On March 19, 2013, the U.S. Supreme Court held in Standard Fire Ins. Co. v. Knowles that named plaintiffs in class actions could not, before class certification, avoid going to federal court by stipulating to a cap on damages. Although Standard Fire was not an antitrust case, the decision will uniquely impact antitrust class action cases because the removal of state law claims to federal court for coordinated proceedings in a single court is critical to an antitrust defendant's ability to avoid duplicative damage awards and to reduce the notoriously high costs of antitrust discovery.
Background
The Court in Standard Fire considered the application
of the Class Action Fairness Act of 2005 (CAFA). CAFA gives the
federal courts jurisdiction over class action lawsuits in which
there is minimal diversity between the parties and the matter in
controversy exceeds $5 million. To remain in state court, the
plaintiff, on behalf of the proposed class, stipulated that he
sought damages of less than $5 million. The defendants removed
the case to federal district court under CAFA. In determining
to send the case back to the state, the federal court determined
that, although in the absence of the stipulated cap on damages the
plaintiff class could have sought damages over $5 million, the
stipulation meant that the CAFA threshold could not be met. The
Supreme Court agreed to hear the defendants' appeal of the
remand order because of conflicting decisions among the circuit
courts.
In a unanimous decision, the Court decided that a
named plaintiff's stipulation to seek less than the $5 million
CAFA threshold on behalf of a proposed class of plaintiffs could
not defeat federal jurisdiction. In the Court's view, the
stipulation was not binding on the proposed class: the names
plaintiff could not bind the rest of the class with his promise
before the class was certified. Standard Fire thus
reaffirms an earlier CAFA decision holding that a plaintiff class
representative could not bind the rights of absent class members
before class certification. The Court also observed that
allowing such stipulations to evade jurisdiction would undercut
CAFA's goal of having federal courts consider interstate cases
of national importance. For example, the plaintiff's position
would allow plaintiffs to subdivide a $100 million class action
worth into 21 separate state actions.
Importance of Standard Fire for antitrust class actions
Some background helps put the significance of this decision in
context. Antitrust claims arising out of alleged price-fixing
or other conduct affecting a marketplace with multiple distribution
levels may be brought by (a) so-called direct purchasers (the
entities who bought directly from the alleged antitrust violators),
(b) indirect purchasers (generally, consumers/end users), (c)

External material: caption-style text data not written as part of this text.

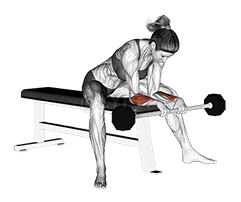 Barbell Reverse Wrist Curl  demonstration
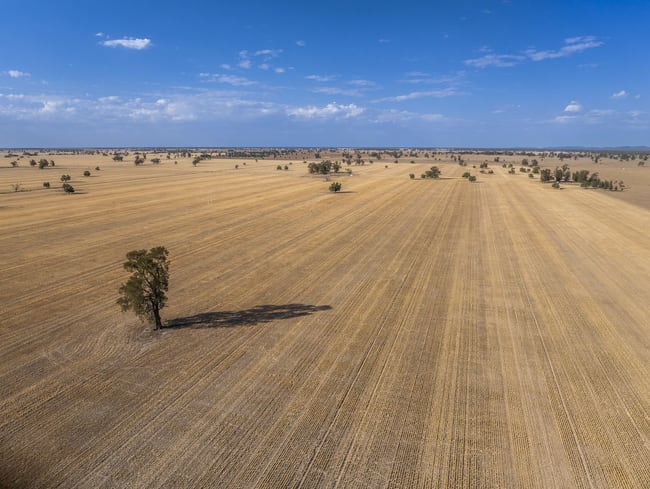 279 West Plains Road Corinella NSW 2871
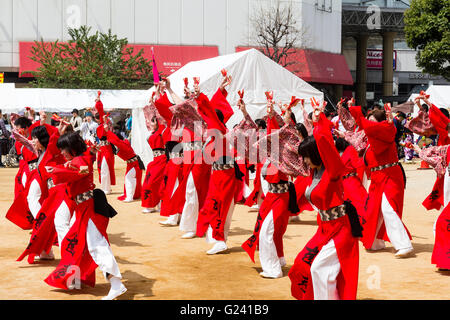 Japanische hinokuni Yosakoi Dance Festival. Dance Team, vor allem junge Frauen, Tanzen in leuchtend roten yukata Jacken und Holding naruko, hölzerne Klöppel. Stockfoto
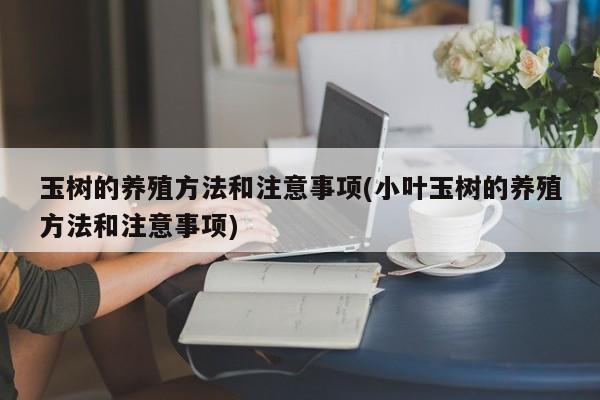 玉树的养殖方法和注意事项(小叶玉树的养殖方法和注意事项)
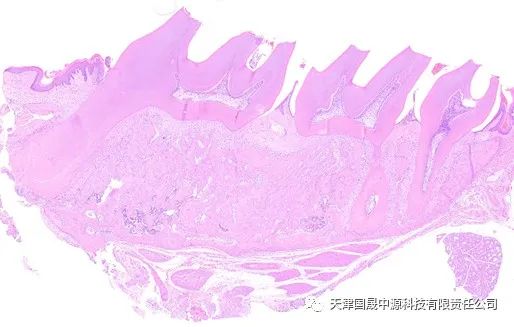 动物实验丨大/小鼠牙周炎模型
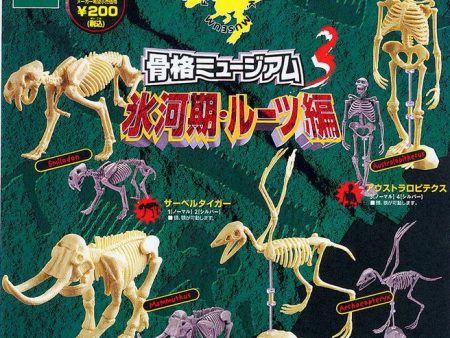 Epoch Framework Skeletal Skeleton Museum Gashapon Ice Age Ver 4+4 8 3  Collection Figure Set on Sale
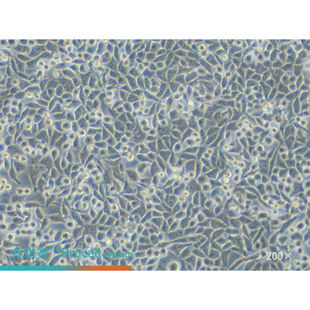 普诺赛 L Wnt-3A（小鼠皮下结缔组织细胞）(STR鉴定正确) CL-0375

intermediate indirect purchasers (entities at levels in the
distribution chain between direct purchasers and consumers), and
(d) so-called "opt-outs," generally large direct or
indirect purchasers pursuing their claims on their own instead of
as part of a class.
Prior to 1977, the federal courts struggled with how to apportion
damages among these classes of plaintiffs, based on how much the
group was overcharged by the defendants and how much of that
overcharge was passed on at each level of the distribution
chain. In 1977, the U.S. Supreme Court in Illinois Brick v.
Illinois addressed this difficulty. Determining that
properly apportioning damages was too difficult, the Court simply
barred recovery under federal antitrust laws to any party but a
direct purchaser. In response, some state legislatures enacted
so-called "Illinois Brick repealer statutes,"
which permit indirect purchaser suits under their state antitrust
laws. These repealer statutes allowed indirect purchaser
plaintiffs to bring antitrust class actions under state law in
spite of Illinois Brick, but in state courts.
Pre-CAFA, antitrust defendants in class actions faced an expensive
battle on multiple fronts. State antitrust class actions were
brought in the state whose Illinois Brick repealer statute
was being invoked. This could result in dozens of lawsuits,
all arising from and seeking damages for the same alleged antitrust
violation, each having to be litigated by defendants in each state
with an Illinois Brick repealer statute as well as in
federal court. One prominent example of this came in the wake
of the DOJ's successful antitrust case against
Microsoft. After the U.S. prevailed on its Sherman Act claims
in 1999, indirect purchasers of Microsoft software brought suit in
more than a dozen different states. Microsoft had to defend each of
these state law claims, including 14 different class certification
decisions. Although each of the 11 indirect purchaser class
actions that were certified by a state court settled before going
to a jury, there would have been 11 different juries or judges
determining the appropriate amount of damages to be received by the
indirect purchaser plaintiffs bringing the claims. In the
pre-CAFA era, the likelihood that defendants would pay damages for
a single overcharge to multiple claimants was high. Even in
the cases that settled, the prospect of numerous expensive court
fights likely prompted defendants to offer higher settlements to
avoid protracted litigation in state courts across the
country.
CAFA enabled defendants to remove antitrust cases from states
courts to federal courts, from which the cases could then be
transferred to a single multidistrict litigation for coordinated
pretrial proceedings. The decision in Standard Fire
further ensures this coordination, which leads to the two benefits
especially important to antitrust defendants. First, with a
single judge hearing the cases in a coordinated manner, the threat
of duplicative recoveries by the various classes is diminished, and
even though defendants most frequently settle with classes that
obtain certification, those settlements are likely to be lower
given that the class plaintiffs know they will have to prove their
overcharges and damages in the same case, before the same judge and
likely the same jury, as the other classes. Even though cases
coordinated for pretrial proceedings should theoretically go back
to the originating district court for trial, as a practical matter
this rarely occurs; and in any event the coordination of
proceedings such as expert discovery would nevertheless reduce the
risk of duplicative recovery. Second, the parties do not need
to litigate the same issues in numerous fora, and the risk that
multiple judges will allow wide-ranging, but different, discovery
is reduced – a particular concern in antitrust cases where
discovery is especially broad and expensive.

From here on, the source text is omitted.